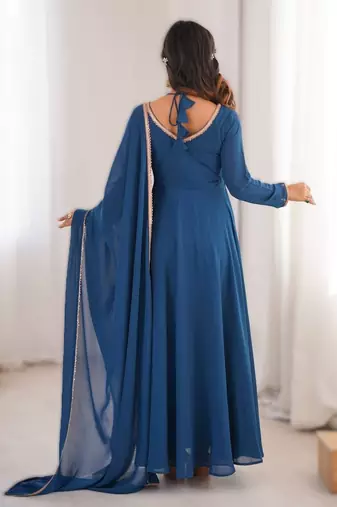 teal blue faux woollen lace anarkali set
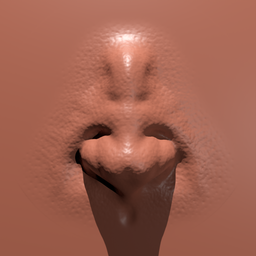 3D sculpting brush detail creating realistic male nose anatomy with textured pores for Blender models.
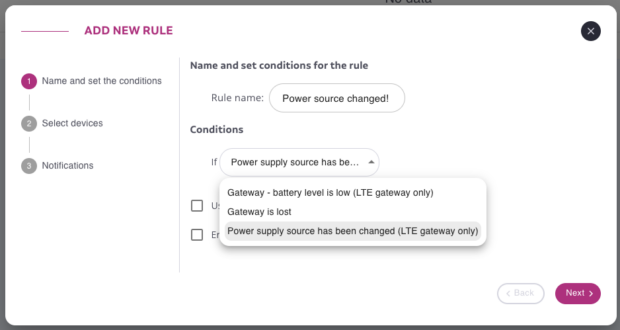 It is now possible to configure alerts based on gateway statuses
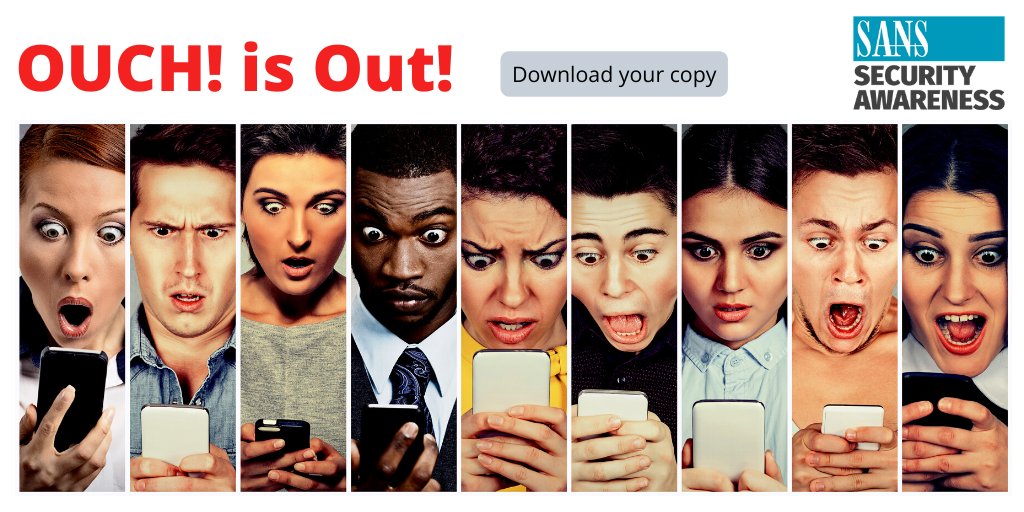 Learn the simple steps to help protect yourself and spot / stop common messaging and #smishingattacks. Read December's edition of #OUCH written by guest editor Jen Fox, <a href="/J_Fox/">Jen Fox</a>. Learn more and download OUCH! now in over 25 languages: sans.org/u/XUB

WORK ITEM: Starting at the line that contains "It is now possible", write out exactly each line through the last one in the listing above, leaving out the pictures and adding nothing else.

TASK OUTPUT:
 It is now possible to configure alerts based on gateway statuses
 Learn the simple steps to help protect yourself and spot / stop common messaging and #smishingattacks. Read December's edition of #OUCH written by guest editor Jen Fox, <a href="/J_Fox/">Jen Fox</a>. Learn more and download OUCH! now in over 25 languages: sans.org/u/XUB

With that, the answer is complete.